3 ways to nix your negative workplace
If you haven’t experienced it- count yourself lucky! It creeps into most workplaces at one time or another. That smelly, rotten, work environment that causes you to roll out of bed and dread going to work. Maybe there’s a group of people that don’t accept you, or maybe there is just that one stinker that makes your life a little more difficult.
Sometimes (but not often) the culture of the entire business is built on making people feel small and scared. If this is the case- It’s a simple fix- RUN! Seriously, you can’t control the entire business. Step away and get out.
Now, for the most part, when a negative work environment appears it is usually just a small group of people that are insecure enough to try to push you down so they can feel better about themselves. If you are experiencing this- there are 3 ways to separate yourself from this environment while continuing to do a great job for your company.
1. Show compassion. Contrary to popular belief, often times when adults are mean or exclude you, it’s because they’re mean to themselves and don’t accept themselves. They are living in their own little world of hatred and despair. They may even be going through a tough journey unknown to anyone. No, that doesn’t give them the right to treat you poorly, but they may not have the skills that you have.

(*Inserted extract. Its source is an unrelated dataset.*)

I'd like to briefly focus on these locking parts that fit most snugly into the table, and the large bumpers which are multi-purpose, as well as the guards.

You are emotionally evolved enough to know that you will experience success by accepting the responsibility of taking the high road to get what you need. An example of the high road:
Try asking “Did I do something to offend you?” OR “Is there something that is stressing you out that I can help with?” They will likely ask why you think that- then the lines of communication are open. Speak with kindness and truth.
2. Stand your ground. Being kind does not mean being a pushover. If they say something inappropriate or hurt you - go ahead and tell them. Just make sure you do it in a professional way. I always like to start these conversations like this- “________, I didn’t really appreciate the way you spoke to me in that meeting, it made me feel _______.” Then shhhh…just let them talk. See what he or she has to say. If they tell you that you are overreacting (this is a common manipulation technique used by many) just calmly and politely respond: “Perhaps, but it is still the way I feel.” Then drop it. Let it go. You have told them, they have responded, and you have reiterated how you feel. This isn't about being right- it is about standing up. They will keep thinking about it and believe me- it will likely cause them to be more aware of their actions. In most instances, the person will apologize because they were so wrapped up in their own turmoil they didn’t realize they were passing their “pissy” onto you.

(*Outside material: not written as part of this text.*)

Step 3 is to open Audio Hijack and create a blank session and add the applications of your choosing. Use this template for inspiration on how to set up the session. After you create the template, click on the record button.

This is the trick- you need to teach people how to treat you. There isn’t room for disrespect ever. Don’t forget that- You deserve at all times to be treated with respect.
3. Lead on superstar! Focus on doing your best work and being your best version of yourself. When you do and act your best you will end up with a whole new confidence level. Suddenly understanding that you are in control of your attitude and success. Get busy worrying about YOU and your successes and how you contribute to your team.
Stay away from the negativity and hostility, don’t even play the game. Disengage. Shine your bright light on everything you do and remember, you are in complete control my friend. The power is in you.
Dream big. Allow the cool stuff to happen.